— Problem requirements —
Find the line that contains "NAME IT Kids Bomber Jacket - Dark Sapphire" in the entries below. Output it and each later line exactly, and nothing else.

— Records for this exercise —
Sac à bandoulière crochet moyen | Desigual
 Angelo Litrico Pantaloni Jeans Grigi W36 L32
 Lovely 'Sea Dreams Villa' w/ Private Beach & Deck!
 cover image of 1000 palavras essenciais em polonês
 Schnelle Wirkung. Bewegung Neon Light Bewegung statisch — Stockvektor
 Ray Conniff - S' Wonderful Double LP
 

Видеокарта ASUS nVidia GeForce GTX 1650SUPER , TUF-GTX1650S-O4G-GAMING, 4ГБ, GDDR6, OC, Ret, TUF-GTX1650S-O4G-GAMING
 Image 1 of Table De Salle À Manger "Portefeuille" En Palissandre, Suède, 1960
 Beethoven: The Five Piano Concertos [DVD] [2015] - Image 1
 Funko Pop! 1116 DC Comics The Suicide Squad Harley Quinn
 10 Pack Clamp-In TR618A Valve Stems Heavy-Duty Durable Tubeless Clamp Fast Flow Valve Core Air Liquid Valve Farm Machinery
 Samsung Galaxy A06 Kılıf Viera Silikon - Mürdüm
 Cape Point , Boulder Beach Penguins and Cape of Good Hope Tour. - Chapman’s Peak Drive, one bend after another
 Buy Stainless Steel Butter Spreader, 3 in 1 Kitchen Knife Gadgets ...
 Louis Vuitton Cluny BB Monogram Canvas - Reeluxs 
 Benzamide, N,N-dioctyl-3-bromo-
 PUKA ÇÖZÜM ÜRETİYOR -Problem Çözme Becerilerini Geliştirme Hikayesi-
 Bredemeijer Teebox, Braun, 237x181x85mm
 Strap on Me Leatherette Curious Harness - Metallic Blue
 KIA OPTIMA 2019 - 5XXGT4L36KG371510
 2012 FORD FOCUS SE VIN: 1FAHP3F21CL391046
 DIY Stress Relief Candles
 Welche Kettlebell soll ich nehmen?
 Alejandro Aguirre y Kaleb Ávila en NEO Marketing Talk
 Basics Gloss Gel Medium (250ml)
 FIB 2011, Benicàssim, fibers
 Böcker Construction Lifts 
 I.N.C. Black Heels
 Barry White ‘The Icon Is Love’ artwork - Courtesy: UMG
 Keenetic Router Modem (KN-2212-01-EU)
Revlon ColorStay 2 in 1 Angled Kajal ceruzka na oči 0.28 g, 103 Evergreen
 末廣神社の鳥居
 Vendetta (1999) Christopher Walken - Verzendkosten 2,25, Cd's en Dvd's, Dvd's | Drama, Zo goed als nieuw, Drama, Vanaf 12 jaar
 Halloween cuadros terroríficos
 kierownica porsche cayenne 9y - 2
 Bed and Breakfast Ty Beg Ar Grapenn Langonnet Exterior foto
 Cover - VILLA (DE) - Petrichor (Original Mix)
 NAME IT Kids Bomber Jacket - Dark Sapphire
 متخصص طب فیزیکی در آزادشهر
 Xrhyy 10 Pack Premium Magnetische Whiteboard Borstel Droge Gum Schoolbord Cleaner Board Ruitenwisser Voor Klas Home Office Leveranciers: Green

— Task result —
 NAME IT Kids Bomber Jacket - Dark Sapphire
 متخصص طب فیزیکی در آزادشهر
 Xrhyy 10 Pack Premium Magnetische Whiteboard Borstel Droge Gum Schoolbord Cleaner Board Ruitenwisser Voor Klas Home Office Leveranciers: Green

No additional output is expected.